A simple Craigslist wrapper.

License: MIT-Zero.

Disclaimer

  • I don't work for or have any affiliation with Craigslist.
  • This module was implemented for educational purposes. It should not be used for crawling or downloading data from Craigslist.

Installation

pip install python-craigslist

Classes

Base class:

  • CraigslistBase

Subclasses:

  • CraigslistCommunity (craigslist.org > community)
  • CraigslistHousing (craigslist.org > housing)
  • CraigslistJobs (craigslist.org > jobs)
  • CraigslistForSale (craigslist.org > for sale)
  • CraigslistEvents (craigslist.org > event calendar)
  • CraigslistServices (craigslist.org > services)
  • CraigslistGigs (craigslist.org > gigs)
  • CraigslistResumes (craigslist.org > resumes)

Examples

Looking for a room in San Francisco?

from craigslist import CraigslistHousing
cl_h = CraigslistHousing(site='sfbay', area='sfc', category='roo',
                         filters={'max_price': 1200, 'private_room': True})

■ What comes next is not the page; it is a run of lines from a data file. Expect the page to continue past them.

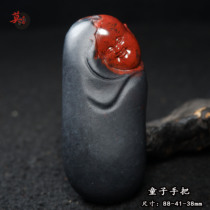 Guilin chicken blood jade and white sculpture boy hand to piece black red rock stone dry - kun material Hongyun collection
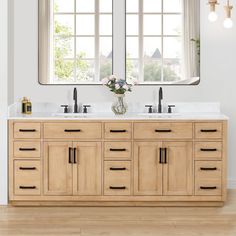 a bathroom vanity with two mirrors above it and flowers in the vase on the counter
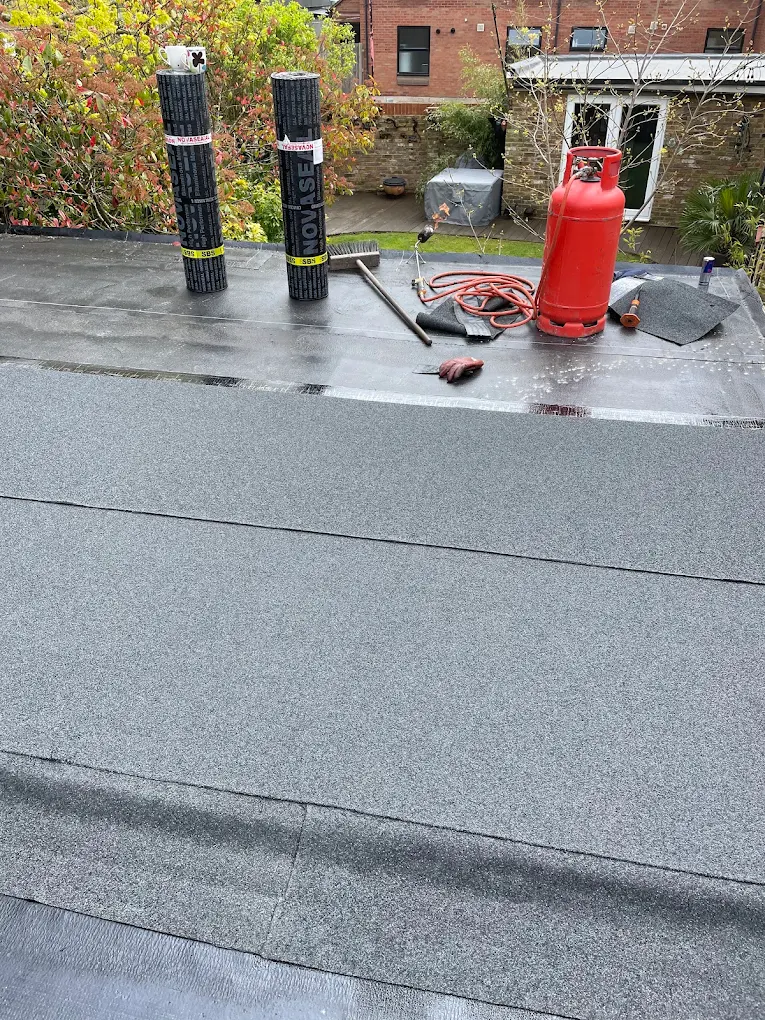 Flat roof finished in torch-on felt, with felt rolls and a gas bottle at the far end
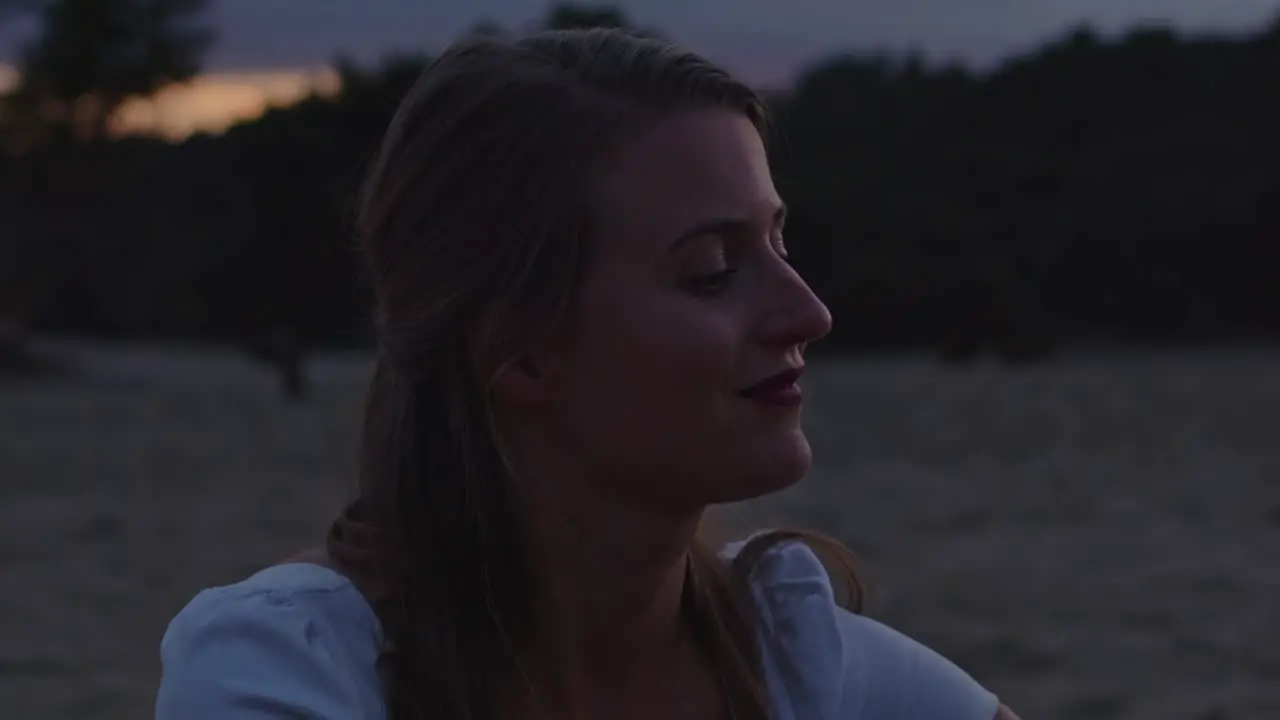 Close up of attractive young woman sitting in sand dunes at dusk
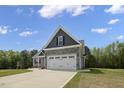 Lovely home featuring a two-car garage, stone details, gray siding, and a neatly maintained lawn at 106 S Harper Faith Way, Benson, NC 27504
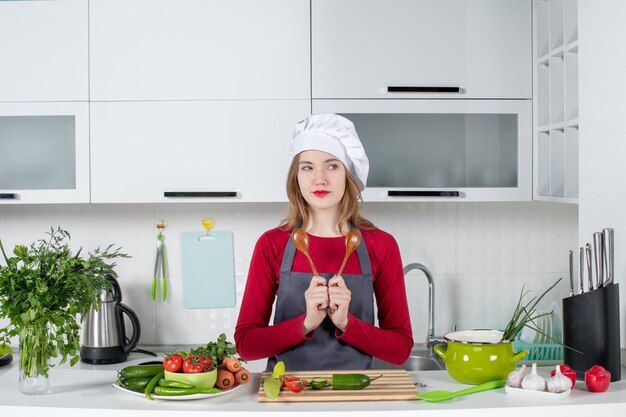 Front view female chef in apron holding spoons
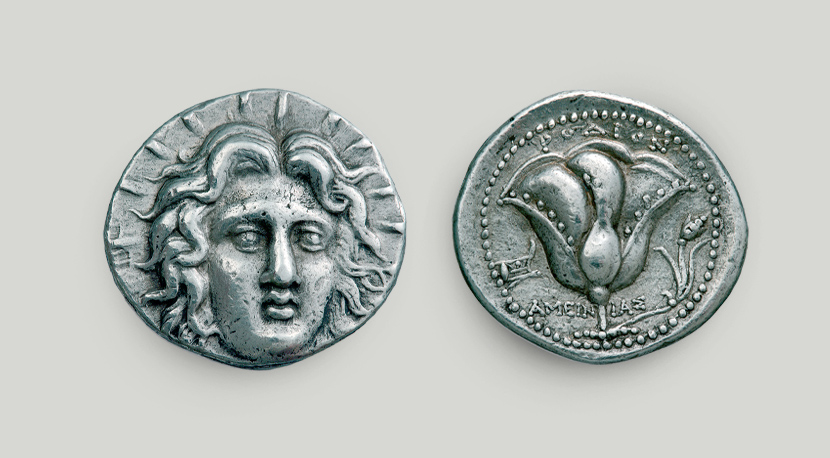 Two sides of Rhodian silver tetradrachm. On the obverse head of god Helios, on the reverse a rose, symbol of the city.  Two sides of Rhodian silver tetradrachm.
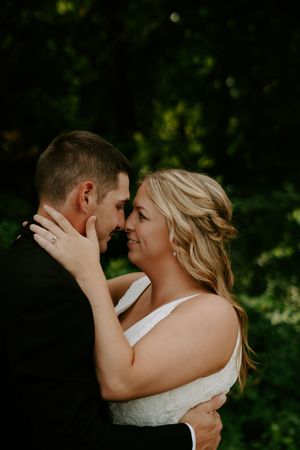 An intimate embrace between a couple during their outdoor wedding photoshoot.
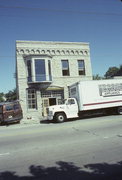 128 E ST PAUL AVE, a Commercial Vernacular blacksmith shop, built in Waukesha, Wisconsin in 1892.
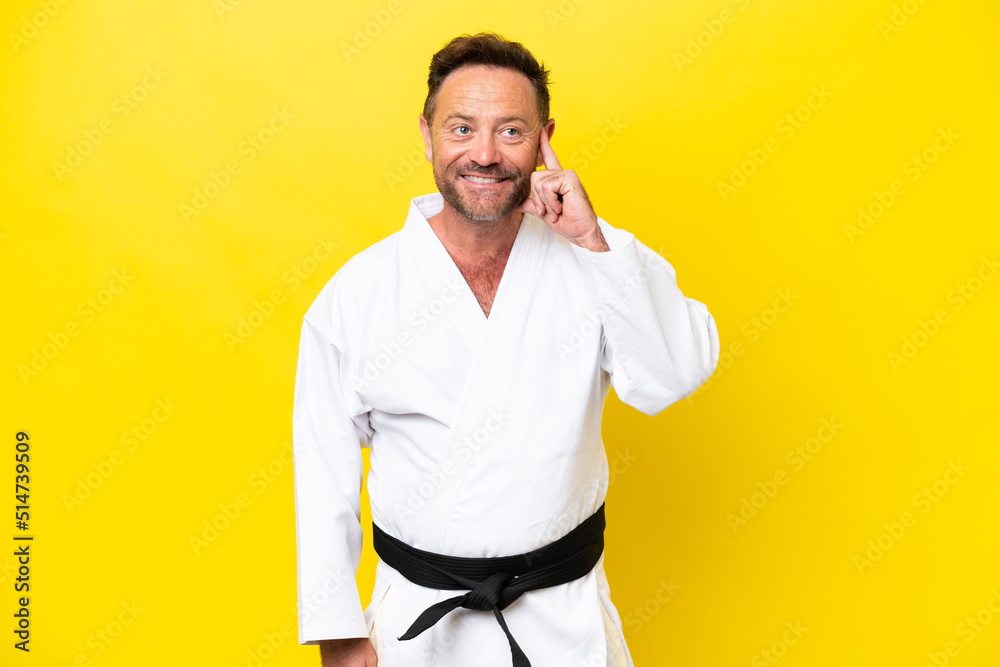 Middle age caucasian man doing karate isolated on yellow background thinking an idea while looking up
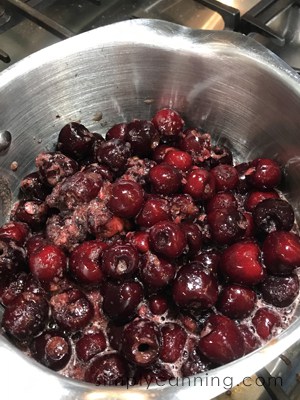 Cherries cooking in a saucepan.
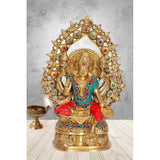 Brass Lakshmi maa statue with jeweled halo, red and teal accents, standing pose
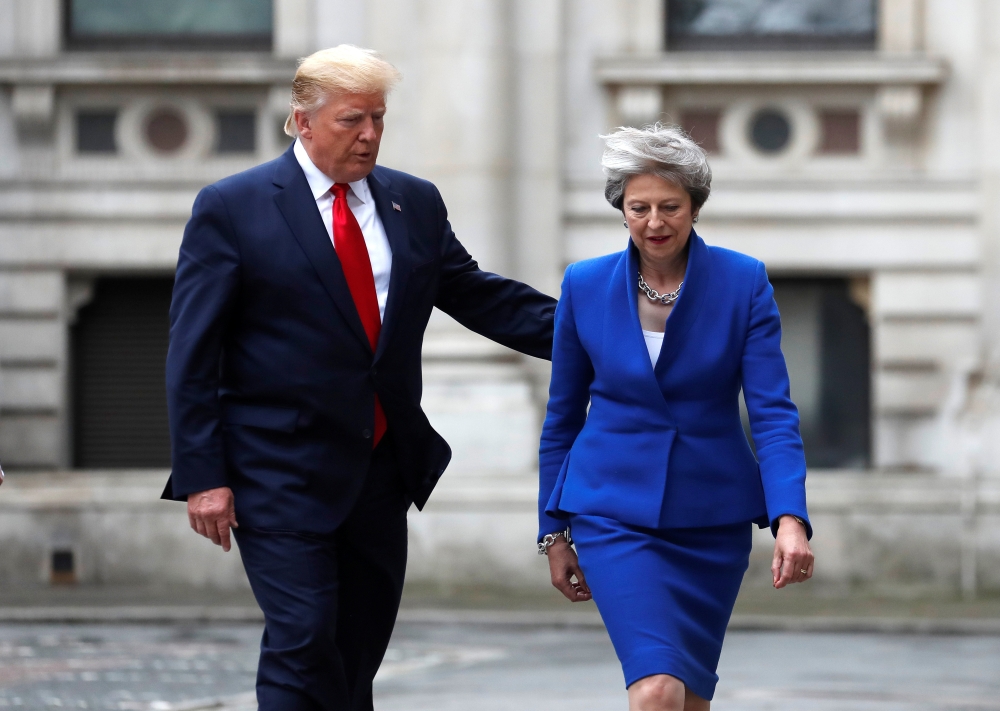 Britain's Prime Minister Theresa May and U.S. President Donald Trump walk through the Quadrangle of the Foreign Office for a joint news conference in central London, Britain June 4, 2019. Frank Augstein/Pool via REUTERS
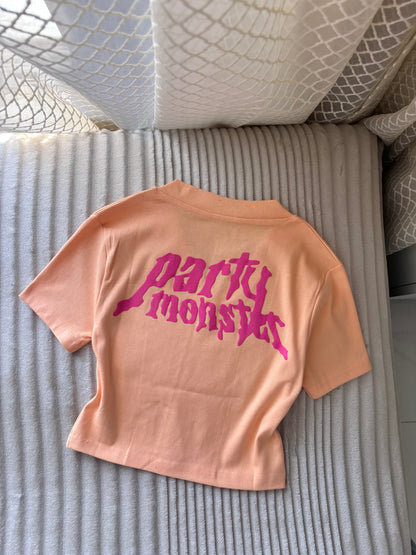 "Party Monster" Peachy Orange Back Print Crop Tee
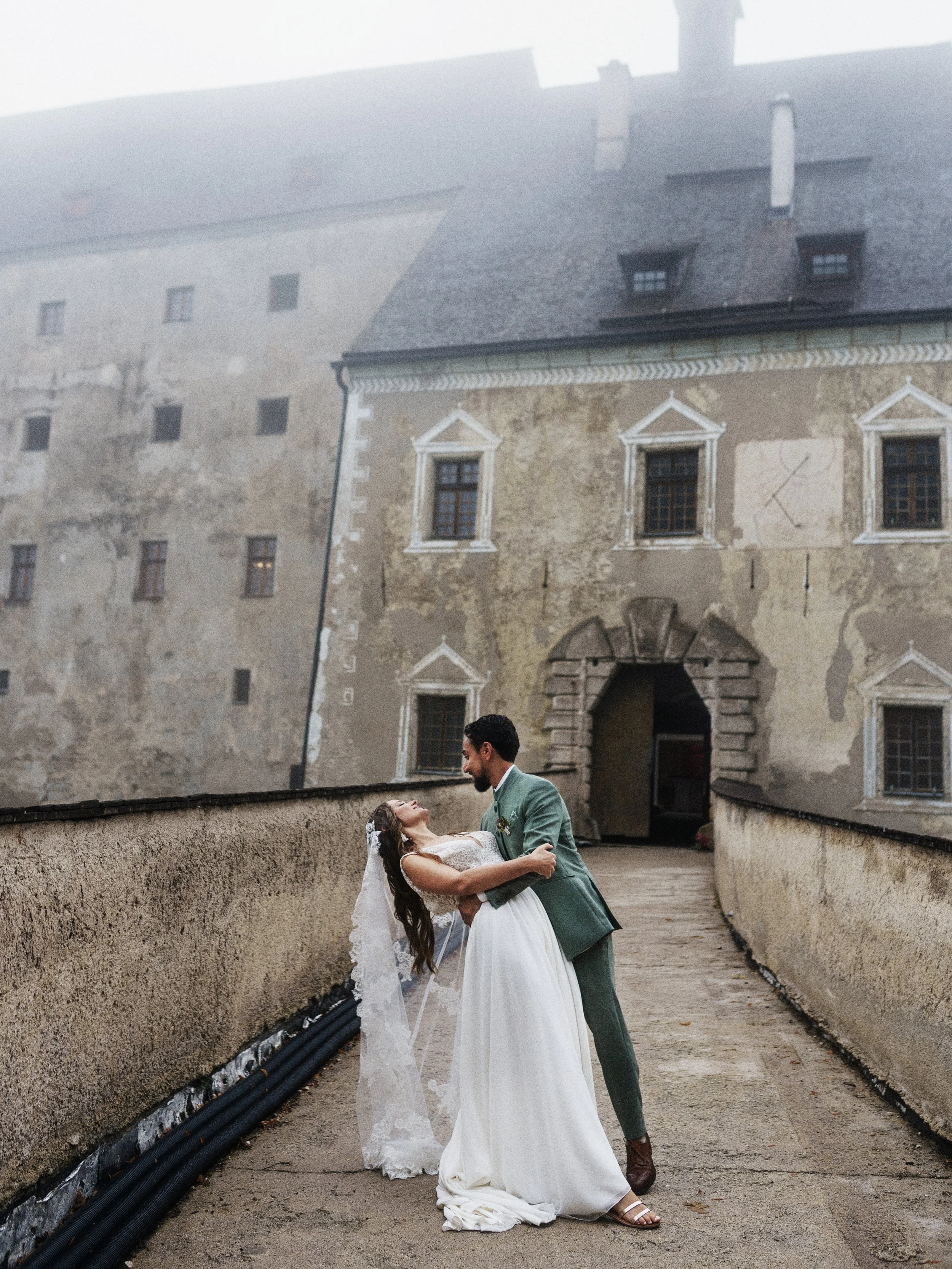Ein Brautpaar tanzt auf einem alten Burgmauer, im Hintergrund ein historisches Gebäude mit Steindach und kleinen Fenstern, nebliger Himmel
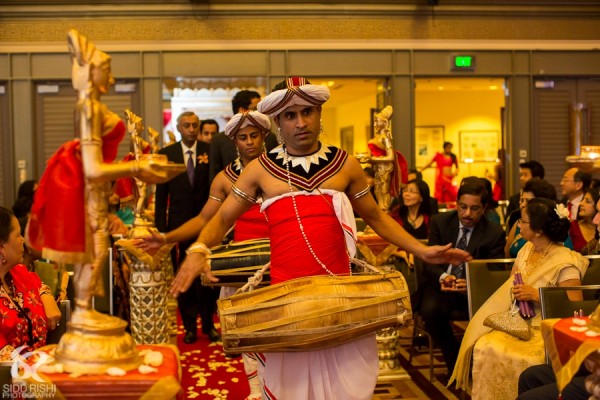 Performers attend this indian wedding ceremony.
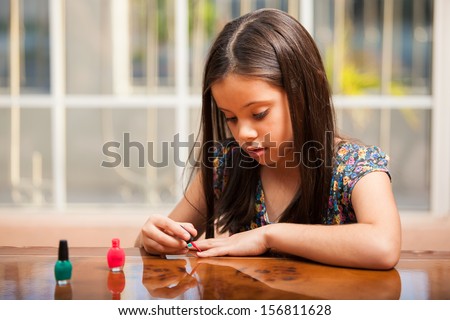 Pretty little girl panting her nails with her mom's nail polish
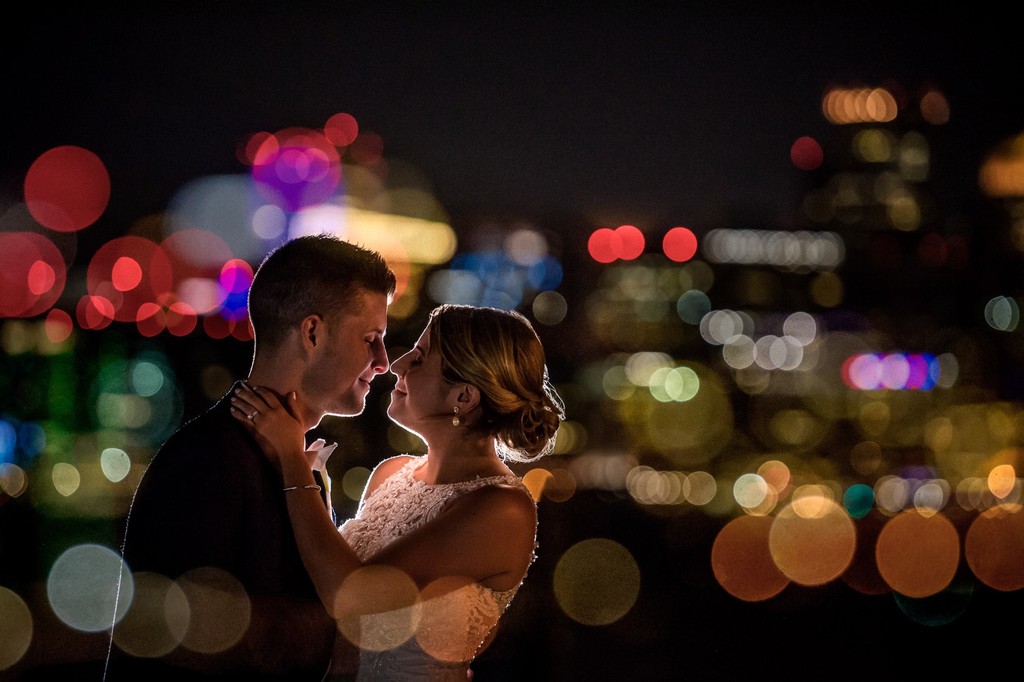 Bride and groom romantic night photo with Boston city lights in the background
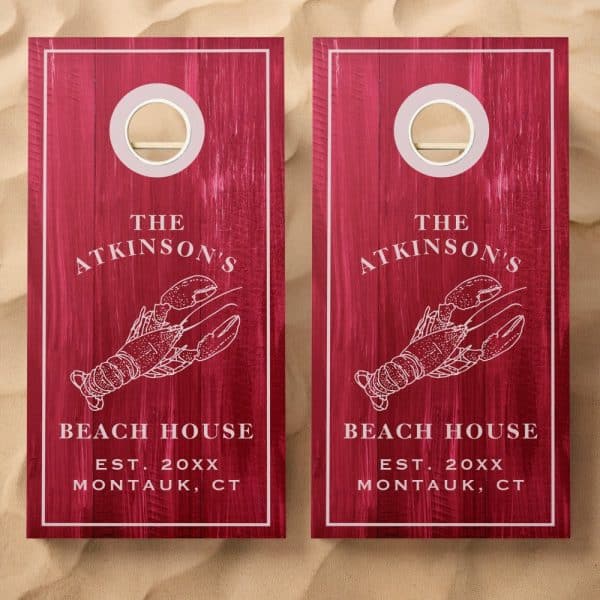 Two Red Wooden Cornhole Boards With A Lobster Illustration, &Quot;The Atkinsons Beach House Est. 20Xx Montauk, Ct&Quot; Text.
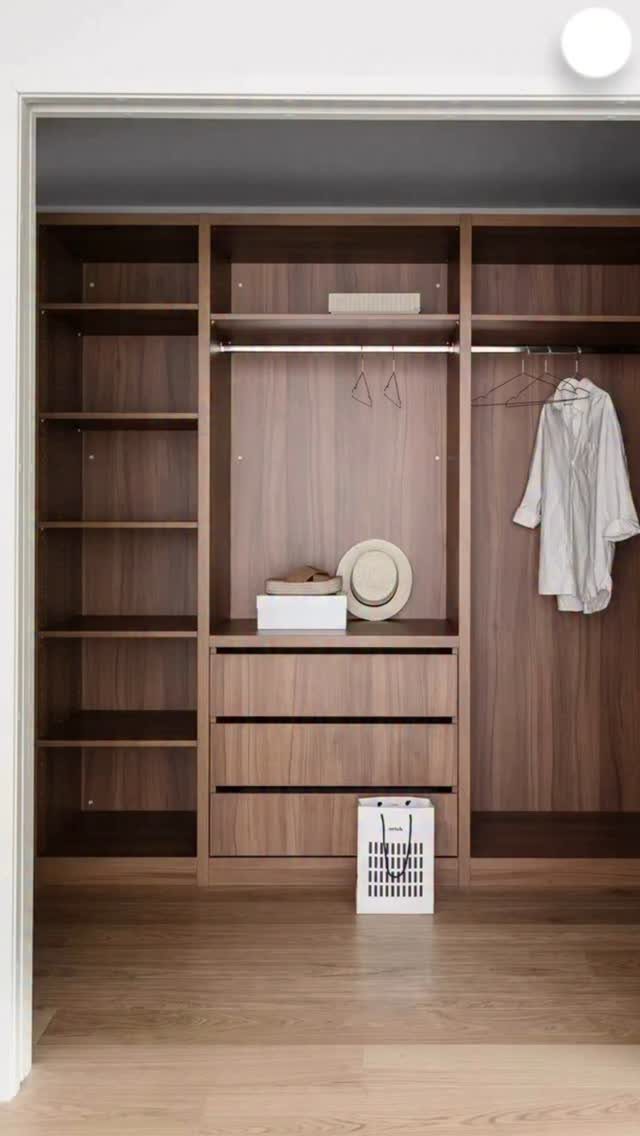 Wooden walk-in closet featuring built-in drawers, open shelving, and hanging rods.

# You can get an approximate amount of results with the following call:
print(cl_h.get_results_approx_count())

992

for result in cl_h.get_results(sort_by='newest', geotagged=True):
    print(result)

{
    'id': u'4851150747',
    'name': u'Near SFSU, UCSF and NEWLY FURNISHED - CLEAN, CONVENIENT and CLEAN!',
    'url': u'http://sfbay.craigslist.org/sfc/roo/4851150747.html',
    'datetime': u'2015-01-27 23:44',
    'price': u'$1100',
    'where': u'inner sunset / UCSF',
    'has_image': False,
    'has_map': True,
    'geotag': (37.738473, -122.494721)
}
# ...

Maybe a software engineering internship in Silicon Valley?

from craigslist import CraigslistJobs
cl_j = CraigslistJobs(site='sfbay', area='sby', category='sof',
                      filters={'is_internship': True, 'employment_type': ['full-time', 'part-time']})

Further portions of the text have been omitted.